Using this technique is another good reason to break your work into smaller pieces. That way you can start and complete a task in one Pomodoro cycle.
However, this technique means that you have to commit yourself to the task at hand — no checking email, phone notifications, or snack breaks!
You may think that when you have flexibility in your schedule, you are able to get more done. I’ve found the opposite to be true.
I get the most done when I don’t have too much dead space in my schedule. Why? Because I’m better at prioritizing my time when I know that there are constraints. I’m also better at scheduling my day in advance when I know that it’s crunch time. That way, I’m able to move seamlessly from one task to the other without having to waste time figuring out what I should work on next.

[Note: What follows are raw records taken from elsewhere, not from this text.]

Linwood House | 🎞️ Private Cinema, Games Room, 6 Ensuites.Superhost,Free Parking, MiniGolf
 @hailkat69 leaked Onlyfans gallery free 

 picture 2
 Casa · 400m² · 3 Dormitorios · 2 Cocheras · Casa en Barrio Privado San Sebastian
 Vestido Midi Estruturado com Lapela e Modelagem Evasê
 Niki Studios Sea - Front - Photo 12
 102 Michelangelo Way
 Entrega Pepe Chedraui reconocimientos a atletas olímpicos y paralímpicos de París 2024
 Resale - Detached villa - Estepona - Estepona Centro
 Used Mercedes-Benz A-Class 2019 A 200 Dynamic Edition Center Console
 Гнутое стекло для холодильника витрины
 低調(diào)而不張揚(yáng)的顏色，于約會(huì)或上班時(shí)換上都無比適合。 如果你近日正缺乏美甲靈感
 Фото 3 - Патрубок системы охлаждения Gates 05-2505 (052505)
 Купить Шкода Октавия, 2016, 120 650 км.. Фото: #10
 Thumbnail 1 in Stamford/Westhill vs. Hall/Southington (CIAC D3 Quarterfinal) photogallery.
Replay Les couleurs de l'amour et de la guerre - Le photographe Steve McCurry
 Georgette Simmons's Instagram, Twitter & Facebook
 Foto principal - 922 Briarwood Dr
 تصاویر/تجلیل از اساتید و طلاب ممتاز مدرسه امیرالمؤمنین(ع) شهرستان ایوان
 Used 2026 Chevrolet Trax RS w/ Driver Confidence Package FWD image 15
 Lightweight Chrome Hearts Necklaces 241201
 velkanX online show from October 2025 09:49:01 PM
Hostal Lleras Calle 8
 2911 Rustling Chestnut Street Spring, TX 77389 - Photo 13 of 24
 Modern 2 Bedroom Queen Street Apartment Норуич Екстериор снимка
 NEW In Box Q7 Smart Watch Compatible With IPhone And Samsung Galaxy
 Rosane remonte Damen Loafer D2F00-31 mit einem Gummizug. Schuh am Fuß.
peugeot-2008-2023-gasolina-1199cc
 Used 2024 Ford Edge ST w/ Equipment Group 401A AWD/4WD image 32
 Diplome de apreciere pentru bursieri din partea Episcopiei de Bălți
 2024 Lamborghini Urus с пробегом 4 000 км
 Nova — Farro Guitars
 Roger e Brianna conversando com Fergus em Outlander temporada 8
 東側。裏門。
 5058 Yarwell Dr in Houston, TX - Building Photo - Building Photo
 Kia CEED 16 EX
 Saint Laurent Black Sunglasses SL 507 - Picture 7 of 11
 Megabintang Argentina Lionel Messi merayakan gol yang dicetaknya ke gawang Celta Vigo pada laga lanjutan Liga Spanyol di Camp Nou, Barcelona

If you’ve moved from a crazy structured schedule to the flexible pace of an early-stage startup employee, you might find, like I did, that you do have extra time in your schedule. To avoid wasting that time on Facebook, start a side project that keeps you feeling busy.
I’m not saying that you want to be so busy that you are stressed all the time, but adding in a side project to those empty parts of the day will help you build structure into your flexible schedule. Ultimately, you want to focus your efforts on something that helps you grow.
Recharge your batteries
You can’t run on fumes for long! Knowing when to take a break can be especially challenging when you are responsible for designing your own schedule. You may feel like you have to work 7 days a week. I’m guilty of doing this… especially when I’ve squandered my time during the week.
But I promise you, the work will get done if you take a weekend to recharge. In fact, taking time off usually results in better productivity during your work week because you’re fresh, well-rested (hopefully!), and you know exactly how much time you have to cross off those to-dos before your next weekend.
If your work does not allow you to take off two days in a row (maybe you freelance, and you have to work a little bit each day), make sure you add scheduled breaks to your calendar. These breaks need to be long enough to allow you to fuel your body and soul, spend time with your family, and catch up on sleep.
Make it a habit
It’s not enough to have one really productive day. For results, you need consistency. That is, you need to make productivity a habit that you can practice every day until it feels natural. But trying to implement every tip on this list at once might be hard to sustain. Instead, try a few of these tips at a time. Once they start to flow with your work schedule, try implementing a few more until you’ve streamlined your productivity.
Remember that it takes time to form a habit. These techniques may not feel natural all at once, but keep at it! We believe that small changes can result in a big payoff.